Adding fuel to the fire: Government interventions like these often seem to push house prices up even further
Would it be popular?
There is some doubt about whether many first-time buyers would actually sign a 99 per cent mortgage agreement.
The average deposit made by a first-time buyer last year was around 25 per cent, according to UK Finance.
Meanwhile, the average first-time buyer is borrowing at 3.36 times their annual income, which is significantly below the maximum they would normally be allowed to borrow at.
This suggests that buyers don’t want to put in too much effort when it comes to buying their first home.
Are there already similar mortgages available?
Skipton Building Society made headlines last year when it launched a 100 per cent mortgage for tenants to allow them access to the property without a deposit.
Another product that allows first-time buyers to get on the ladder without a deposit is the Barclays Springboard mortgage, although it requires family and friends to help with the deposit.
In this case, the helper provides a 10 percent deposit as security for five years and is placed in a Helpful Home account that earns interest and is returned after five years.

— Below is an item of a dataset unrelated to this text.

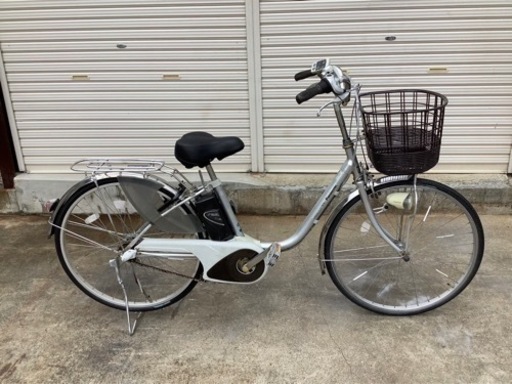 95  パナソニック新機種電動アシスト自転車viviNX26インチシルバーボディー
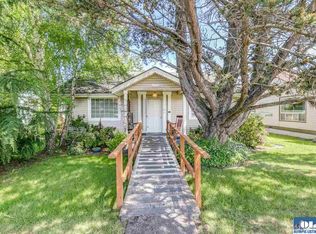 525 E 9th St, Port Angeles, WA 98362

However, it is believed that there has been limited acceptance of these types of products.
How expensive will they be?
The other concern shared by some in the mortgage industry is the fact that these products will likely have higher rates, as there is greater risk for the lender.
The average five-year fixed-rate mortgage rate for someone buying with a 40 per cent deposit is 4.83 per cent, compared to 5.44 per cent for someone with a 5 per cent deposit, according to Moneyfacts .

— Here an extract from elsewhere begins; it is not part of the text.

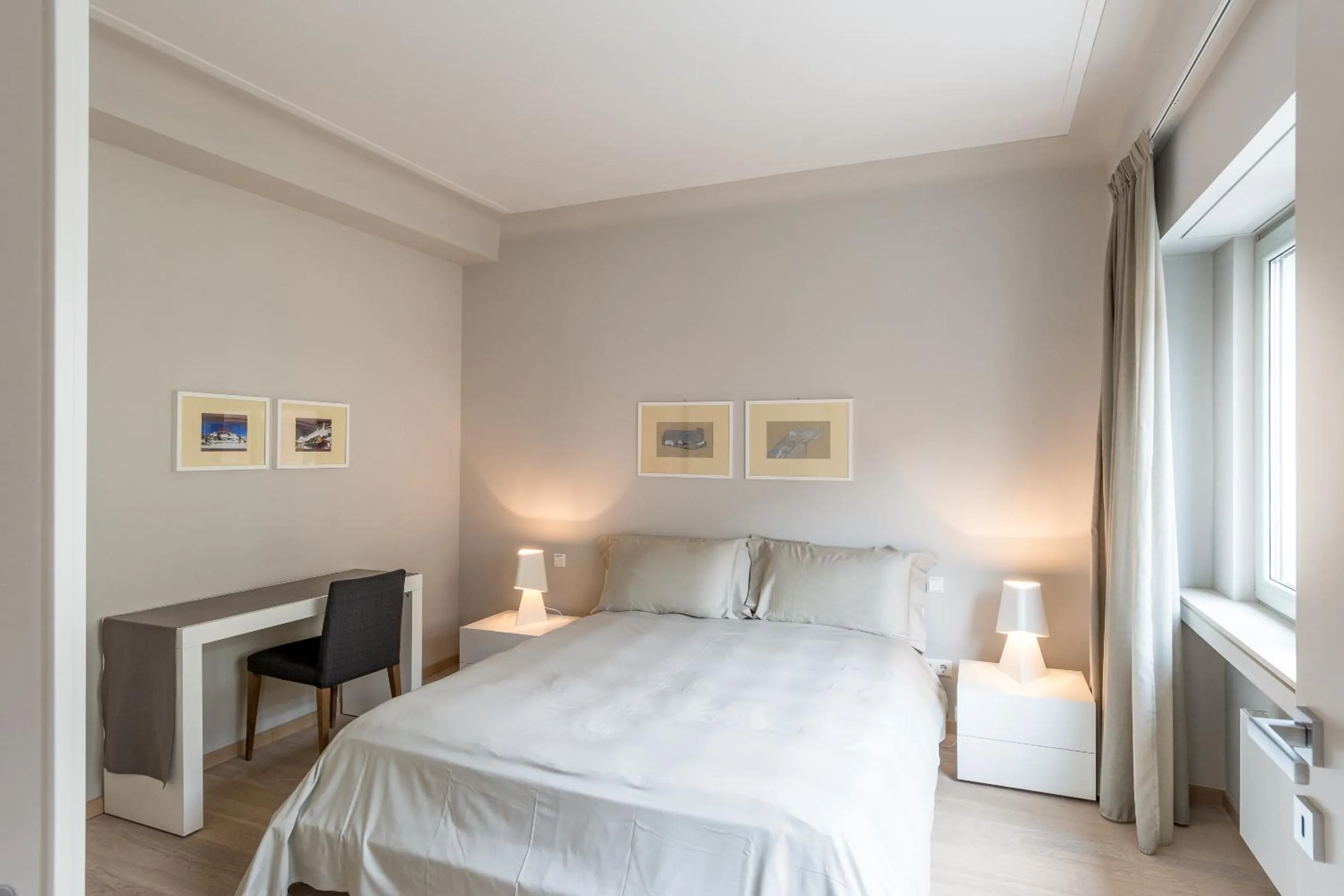 Bed in Four Stars Aparthotel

That’s the difference between paying £1,149 a month and £1,221 a month, based on a mortgage of £200,000 over 25 years.
Rates on a 1 per cent deposit would likely be even higher for those purchasing with a 5 per cent deposit.
Peter Stimson, head of product at MPowered Mortgages, says: ‘With virtually no deposit, lenders will view the pricing of these mortgages as a risky business.
“This will be reflected in rates, which are likely to be well above 6 percent.”
Mortgage broker Mark Harris adds: ‘Although there have been no details on rates yet, for comparison the Barclays Mortgage Guarantee product (95 per cent loan-to-value) is set at 5.56 per cent.
‘The Barclays Spring Board mortgage is 5.99 per cent. We would expect a 99 per cent mortgage to be priced higher because of the high risk, cost of collateral etc.’
Rising house prices
Government interventions like these often appear to increase housing prices.
Stamp duty holidays, Help to Buy, Right to Buy and other schemes were also aimed at helping more people get up the ladder.
But while many of those initiatives were successful, they also had the effect of driving up home prices even further for those that came after.
Jeremy Leaf, a north London estate agent and former chairman of Rics residential, says: “While these mortgages may help first-time buyers who would otherwise struggle to raise deposits, they are likely to boost demand, which in turn It can also drive up home prices, create greater downside risks for stocks, and make upside trades much more expensive if rates fall.
“To keep real estate prices under control, what is needed is a clear and feasible program aimed at increasing supply, implemented at the same time.”